LibreOffice (for text documents & spreadsheets) and 7z (for archives) have sufficient longevity in the open source community that any real threat — revealing the password entered when data is encrypted or decrypted — would have quite a bit of exposure.  So the attack surface into your crypto data can be considered zero as long as nobody has "blown the whistle" on either of these programs having insecure password management… something I have been watching for for 12 years and never found.

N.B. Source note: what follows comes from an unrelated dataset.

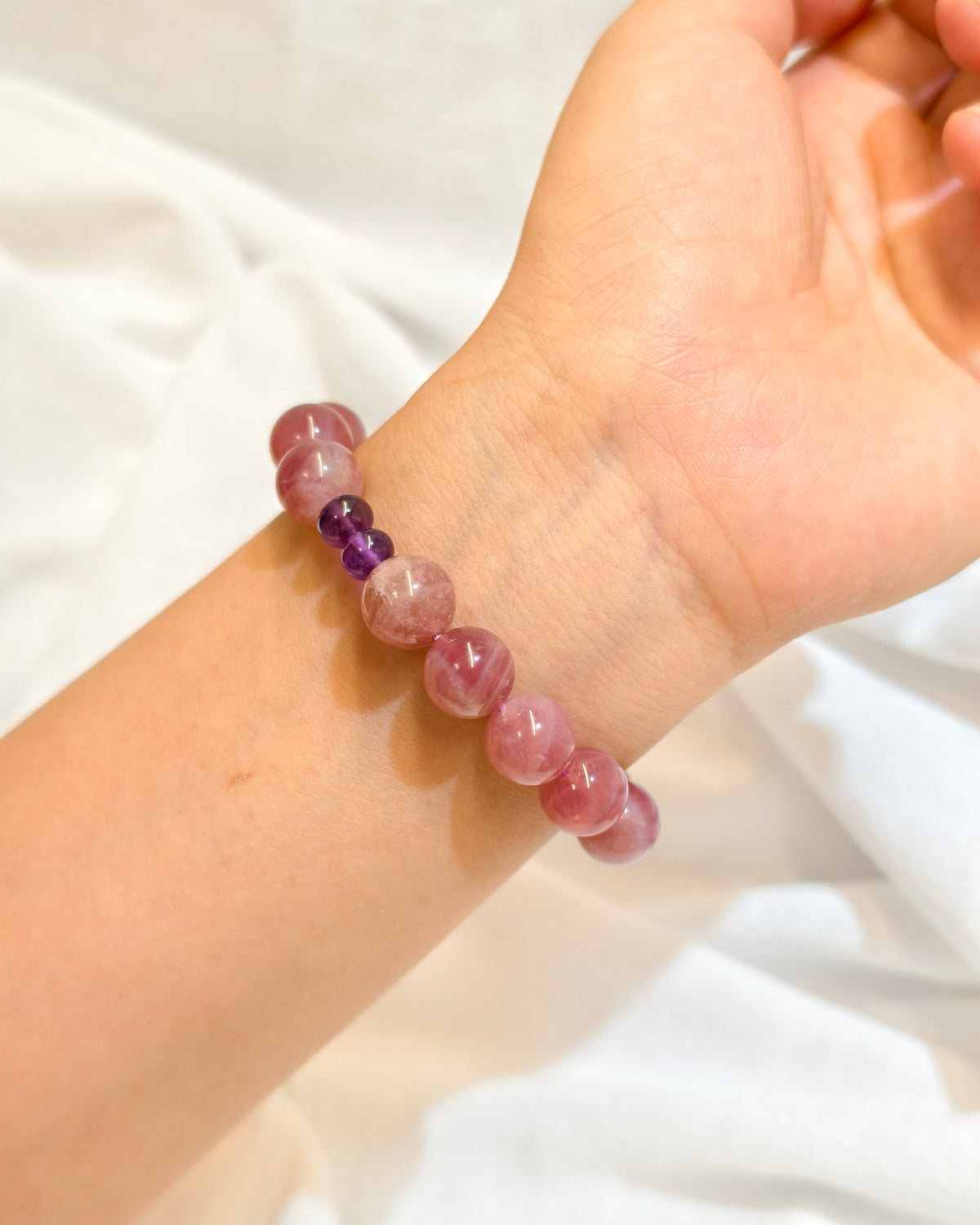 Handmade pink natural stone bracelet worn on the wrist in natural light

Beyond that, the parameters for AES seem only to make a difference mathematically: practically, the cracking problem of brute-forcing the keys is either geological or cosmic (depending on whether you consider time or space).  So please stay most aware of the security issues as they relate to passwords themselves: as with all cryptographic systems, the most common attack points are where keys are set, verified, or exchanged… rather than breaking the cipher itself.

➤ This is why the high security requirement has been set so the password to encrypt private key archives, and documents with the seed phrases for user funds, is never entered outside the Frankenwallet and therefore cannot be observed… so any opportunity to intercept the password from a program failure or even a "zero-day bug" never takes place.

➤ Since these files and archives are never encrypted or decrypted outside the Frankenwallet or other stateless device, they cannot be exposed to password entry vulnerabilities… since all an attacker would ever see, when that data emerges in the host environment, is the fully AES-encrypted file.